Il Comune più rosa d’Italia? È Montebello sul Sangro (Chieti), con 63 uomini ogni 100 donne a fronte di una media nazionale di 95 uomini ogni 100 donne. Mentre a Briga Alta (Cuneo), l’ago della bilancia pende decisamente verso la componente maschile, con 215,4 uomini ogni 100 donne.
Guardando ai titoli di studio, emerge un vero e proprio paradosso. Infatti, il 55,8% dei titoli più alti di studio, compresi i dottorati di ricerca, è stato conseguito da donne. La prevalenza femminile si ha anche per le licenze di scuola elementare (58,7% contro 41,3%) ma anche per gli analfabeti e gli alfabeti che non hanno completato un corso di studi (58,3% donne, 41,7% uomini).
A livello regionale, il gap di genere più importante si ha per coloro che non hanno conseguito un titolo di studio: in Basilicata, su 100 individui 64 sono donne, 63 in Umbria e Marche. Il Trentino-Alto Adige è l’unica regione in cui la componente maschile non istruita sovrasta, anche se di poco, quella femminile (50,4% contro 49,6%). Il gap è evidente anche tra i laureati. In Sardegna, ogni 100 residenti con un titolo post diploma secondario quasi 60 (59,4) sono donne, 58 in Umbria. In Lombardia, invece, si riscontra il maggior equilibrio di genere: uomini e donne hanno percentuali pari rispettivamente al 45,3% e al 54,7%.

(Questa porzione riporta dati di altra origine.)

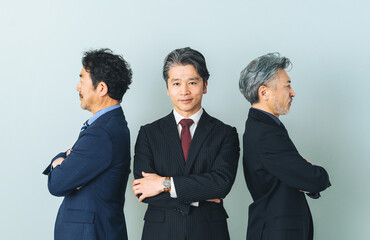 Poster - ビジネス、社長、経営者、ミドルエイジ、シニア、エグゼクティブ、対立、仲介、仲裁、弁護士、板挟み、管理職、上司、役員、チームワーク、連携、腹心、ナンバーツー、企業、人間関係、会社、スーツ、イケオジ、中高年、中年、横向き、反対、離反、カリスマ、人徳、コピースペース、人材、政治家、経営、マネジメント、仕事、リーダー、リーダーシップ、プロフェッショナル、コンサルタント、グループ、ビジネスマン、ビジネスパー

I residenti stranieri: giovani, europei, scelgono le città del Nord
Al 31 dicembre 2020 gli stranieri censiti sono 5.171.894, 132.257 in più dell’anno precedente. L’incidenza sulla popolazione totale si attesta a 8,7 stranieri ogni 100 censiti. A fronte di una maggiore presenza della componente straniera rispetto al 2019, la popolazione italiana risulta inferiore di 537.532 unità. Ma su questo risultato – precisa l’Istat -, influisce la diversa metodologia di conteggio utilizzata rispetto alle rilevazioni effettuate nel 2018 e nel 2019.
L’età media è di 34,8 anni ma la componente maschile (32,9) è più giovane di quella femminile (36,7) di quasi 4 anni, grazie a una maggiore incidenza di maschi in età 0-29 anni. I minori stranieri sono 1.047.873, pari al 20,3% del totale della popolazione straniera censita.
La piramide generazionale degli stranieri residenti in Italia – si spiega nel Censimento Istat 2020 – è dunque ‘rovesciata’ rispetto a quella dei residenti italiani. La quota di minorenni è pari al 15,4% tra gli italiani e al 20,3% tra gli stranieri. In particolare, ha meno di 10 anni il 12,3% degli stranieri contro il 7,7% degli italiani mentre gli over 60 sono circa il 9% tra gli stranieri e quasi un terzo tra i connazionali.
Quasi uno straniero su due (47,6%) proviene dall’Europa. Seguono, per continente di provenienza, l’Asia (22,6%), l’Africa (22,2%), l’America (7,5%). Sei stranieri su dieci, quasi 3 milioni di persone, vivono stabilmente al Nord. A livello regionale, la popolazione di cittadinanza straniera rappresenta più del 10% della popolazione complessiva in Emilia-Romagna, Lombardia, Toscana, Lazio, Umbria e Veneto. È invece sotto il 4% in Basilicata, Molise, Sicilia, Puglia e Sardegna.
Tra i cittadini stranieri, il 36,2% è diplomato e il 32,8% è in possesso della licenza di scuola media. In terza posizione, a differenza degli italiani, si collocano i laureati (11,9%) con una percentuale superiore a quella delle licenze elementari (10,4%). Infine, su 100 stranieri, quasi nove sono analfabeti o, pur sapendo leggere e scrivere, non hanno un titolo di studio. In proporzione, gli stranieri senza un titolo di studio sono più del doppio rispetto agli italiani. Per i primi infatti il valore è prossimo al 9% (8,6%), per i secondi non arriva al 4,0% (3,9%). E si concentrano, come i residenti italiani, nelle regioni del Sud e nei centri abitati più piccoli.